**Instructions for the task**
Repeat the listing verbatim. Drop any pictures.

**Data extract**
===
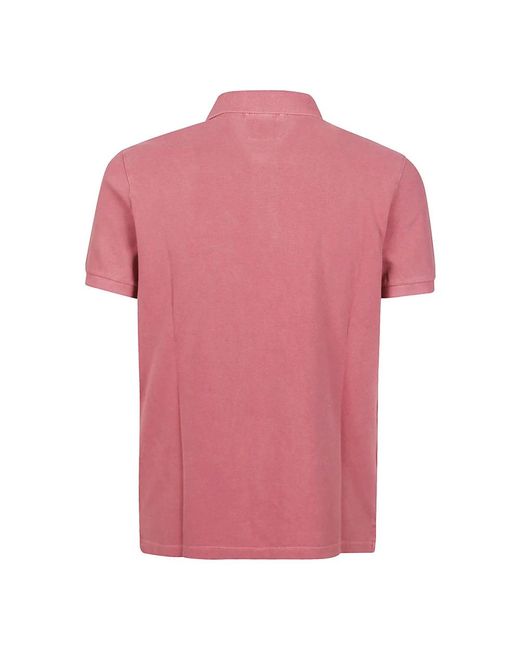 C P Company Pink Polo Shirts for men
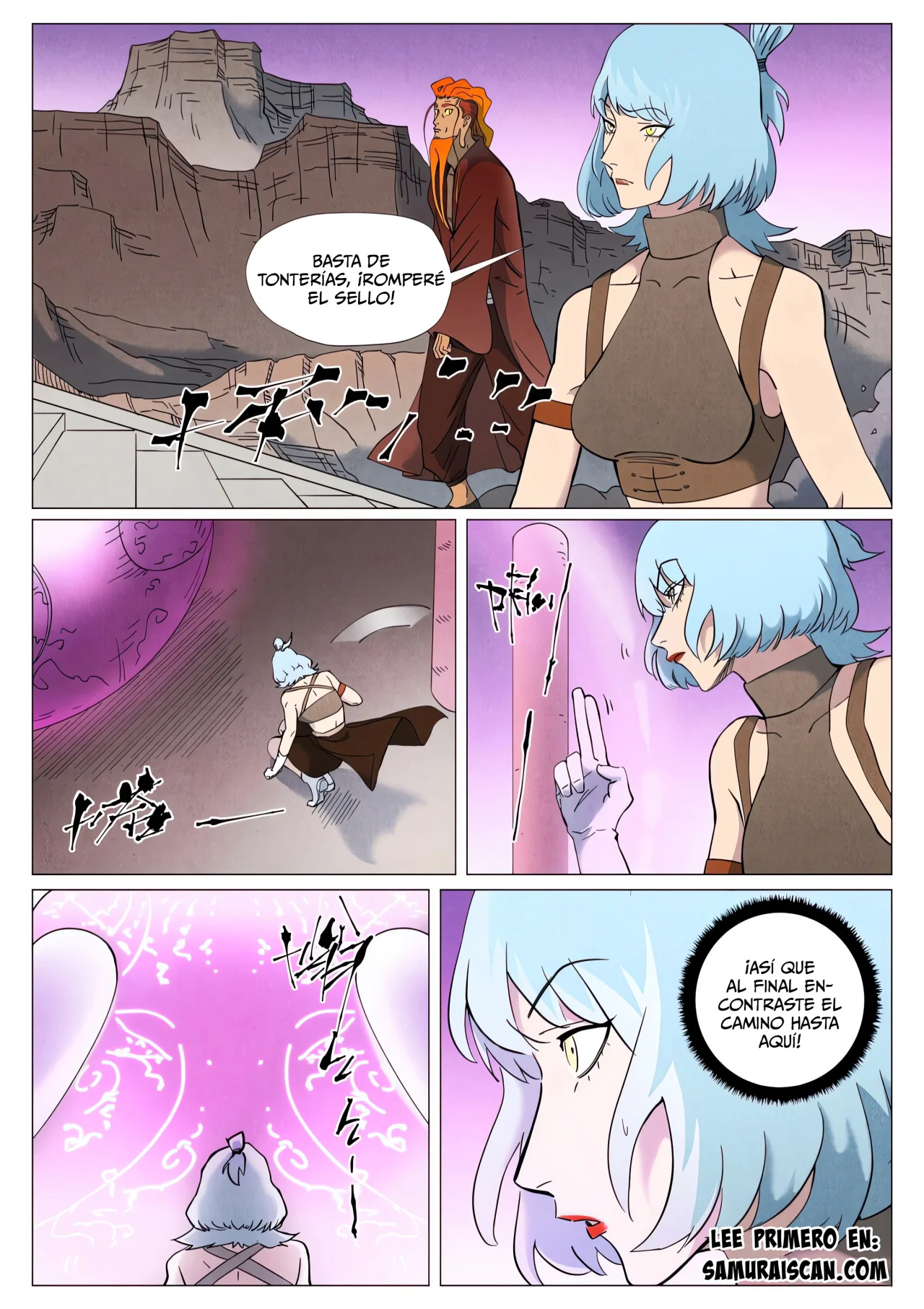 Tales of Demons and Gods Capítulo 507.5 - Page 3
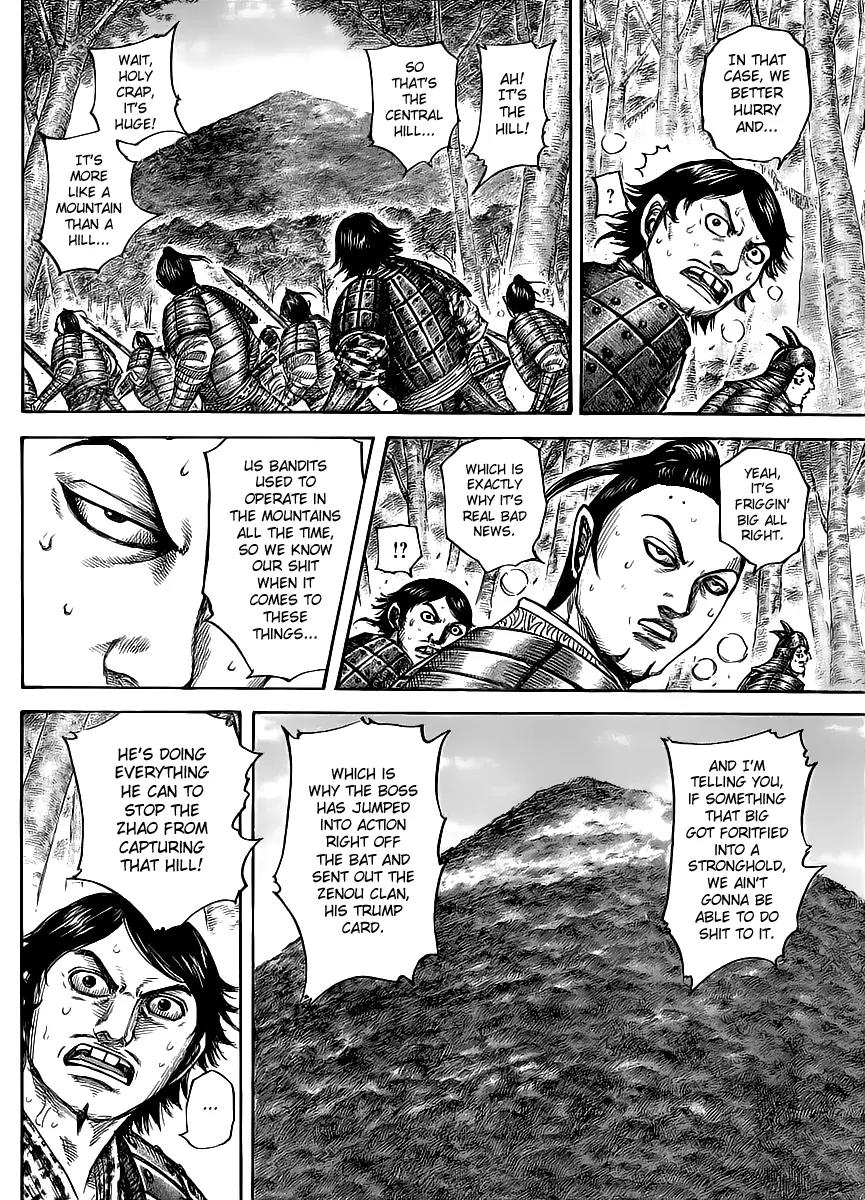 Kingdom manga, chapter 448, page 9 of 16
===
**Solved problem**
 C P Company Pink Polo Shirts for men
 Tales of Demons and Gods Capítulo 507.5 - Page 3
 Kingdom manga, chapter 448, page 9 of 16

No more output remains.